Le Président Hô Chi Minh
reçu à la coupée de l'Emile Bertin

Vu de l'Emile Bertin,
le Suffren au second plan

Le Suffren a pris place dans le sillage de celui qui le précède et pour celui qui le suit.

Le 29, nous sommes à Port Dayot, entre ciel, mer et nature. Nous sommes dans la région des moïs. Il se dit que la propagande japonaise avait dénigré la France et affirmé que nous étions anéantis. Plus d'armée, plus de marine. A cette contre-vérité, deux moïs de forte musculature, vêtus d'un pagne, équipés d'un arc et de flèches, ont été invités à voir de leurs yeux que nous n'étions pas laminés et que nous avions une marine qui en imposait. Ces deux athlètes n'en croyaient pas leurs yeux ; nous voyions leur visage fortement impressionné devant cette gigantesque machine qu'est le Suffren. Il paraît qu'une question leur a été posée :
* "Pourquoi ne portez-vous pas de vêtements ?"
Réponse :
* "Parce que nous sommes civilisés".
A noter tout de même que la température est tropicale.

La journée du 30 au 31 mars, le Suffren est dans la baie de Nha Trang, réputée pour la beauté de ses plages et de son panorama.

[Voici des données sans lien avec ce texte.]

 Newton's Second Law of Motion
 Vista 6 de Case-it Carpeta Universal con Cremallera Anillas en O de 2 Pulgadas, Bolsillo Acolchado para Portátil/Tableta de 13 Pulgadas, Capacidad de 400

En raison de la situation à terre, l'équipage est resté au poste de combat. A la fraîcheur, au cours de la nuit, une ration de tafia a été distribuée aux servants des pièces de 75 et D.C.A.

CAM RANH

Une des plus belles baies de l'Indochine !. Le 31 mars 1946 est une date marquante pour les évènements politiques à venir. Le Suffren a à son bord l'Amiral D'Argenlieu.

Au mouillage, dans la baie, l'Aviso colonial Dumont d'Urville a à son bord le Président Hô Chi Minh, de retour d'un séjour politique en France.

Hô Chi Minh, suivi d'un collaborateur grimpe à la coupée du Suffren, arrive sur la plate-forme, face à la "porte étanche" du salon de l'Amiral.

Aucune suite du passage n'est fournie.